As to point (C), the examiner respectfully disagrees. The examiner further notes the vehicle-mounted information apparatus 4 is shutdown (controlling the communication terminal into a stop state) just before the charge capacity of the charge storage member 15 becomes a zero value (the second remaining battery charge level is lower than the second threshold value) and when the charge capacity of the secondary battery 13 is less than the reference capacity(the first remaining battery charge level is lower than the first threshold value).

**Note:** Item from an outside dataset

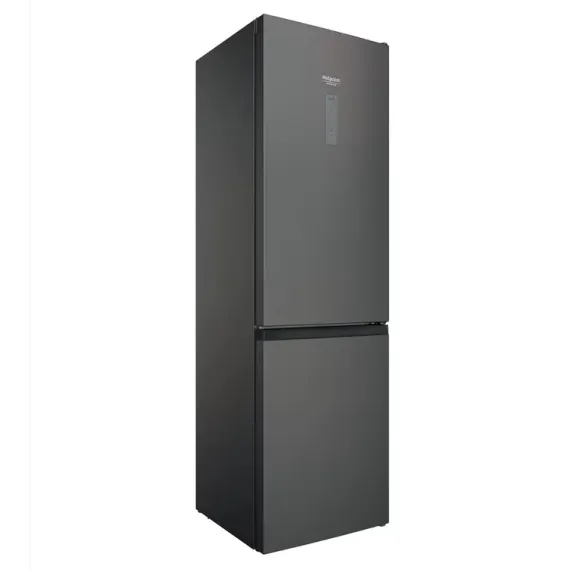 ХОЛОДИЛЬНИК HOTPOINT-ARISTON HAFC9 TO32SK, НЕРЖАВЕЮЩАЯ СТАЛЬ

Claim Rejections - 35 USC § 103
The following is a quotation of 35 U.S.C. 103 which forms the basis for all obviousness rejections set forth in this Office action:
A patent for a claimed invention may not be obtained, notwithstanding that the claimed invention is not identically disclosed as set forth in section 102, if the differences between the claimed invention and the prior art are such that the claimed invention as a whole would have been obvious before the effective filing date of the claimed invention to a person having ordinary skill in the art to which the claimed invention pertains. Patentability shall not be negated by the manner in which the invention was made.
Claim 1, 3-9 is/are rejected under 35 U.S.C. 103 as being unpatentable over Ishihara (US20190315247A1) in view of Yashiro (US20140163777A1).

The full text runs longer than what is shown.